2020-01-05 10:16:31 UTC - Eugen: Question about multiple subscriptions. [The 
docs](<https://pulsar.apache.org/docs/en/concepts-messaging/#multi-topic-subscriptions>)
 read:
&gt; *No ordering guarantees*
&gt; When a consumer subscribes to multiple topics, all ordering guarantees 
normally provided by Pulsar on single topics do not hold. If your use case for 
Pulsar involves any strict ordering requirements, we would strongly recommend 
against using this feature.
`all ordering guarantees normally provided by Pulsar on single topics do not 
hold` sounds like even messages of a single topic can be received out of order, 
which is something I cannot really believe. So am I reading this right? And if 
so, do these out-of-order deliveries happen in failover scenarios only?
----
2020-01-05 12:14:42 UTC - juraj: two topics can run on two different brokers 
(processes), so naturally there's no built-in ordering guarantee, as the 
performance and complexity cost to organize this would be prohibitive.

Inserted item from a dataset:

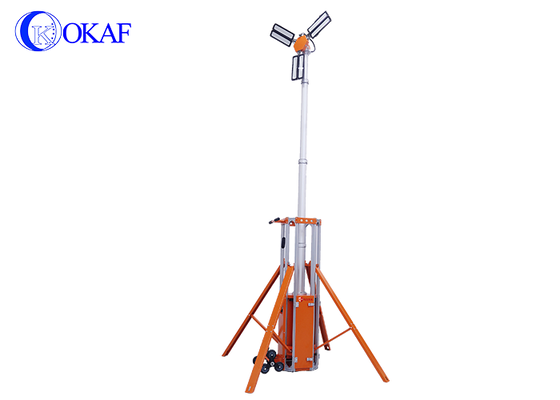 Torre de iluminação telescópica alimentada por bateria da torre de luz de emergência portátil completa para resgate de incêndio em construção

to get a guaranteed per-topic ordering, just use one consumer per one topic.
these separate consumers still share the same pulsar client on the client side, 
so not a huge deal.
(you can also add ordering information into your data, and sort on the client.)
----
2020-01-05 13:31:34 UTC - Nicolò Paganin: @Nicolò Paganin has joined the channel
----
2020-01-05 14:36:27 UTC - Erik Oomen: @Erik Oomen has joined the channel
----
2020-01-05 19:27:40 UTC - Sean Carroll: is there any where to read information 
regarding this and why that is the case? I can understand why there would be no 
ordering guarantees across topics but would still think that there would be a 
order guarantee for each individual topic
+1 : Eugen
----
2020-01-05 20:22:15 UTC - Devin Fee: @Devin Fee has joined the channel
----
2020-01-05 20:46:47 UTC - Devin Fee: I have a few questions regarding how 
Pulsar readers work:
1. is it possible to update the topics a reader is subscribed to, or would I 
create new readers on the client for each new topic i’d like to subscribe to? 
(e.g. for something like 20k topics on a single server, and aren’t regex 
friendly)
2. i was reading about using pulsar with 1 topic per user – and that works fine 
enough if all of your messages can be handled by the same subscriber… but as 
soon as you want different services to handle different messages – this model 
seems to break. Unless… there’s a way to subscribe to topic-partitions?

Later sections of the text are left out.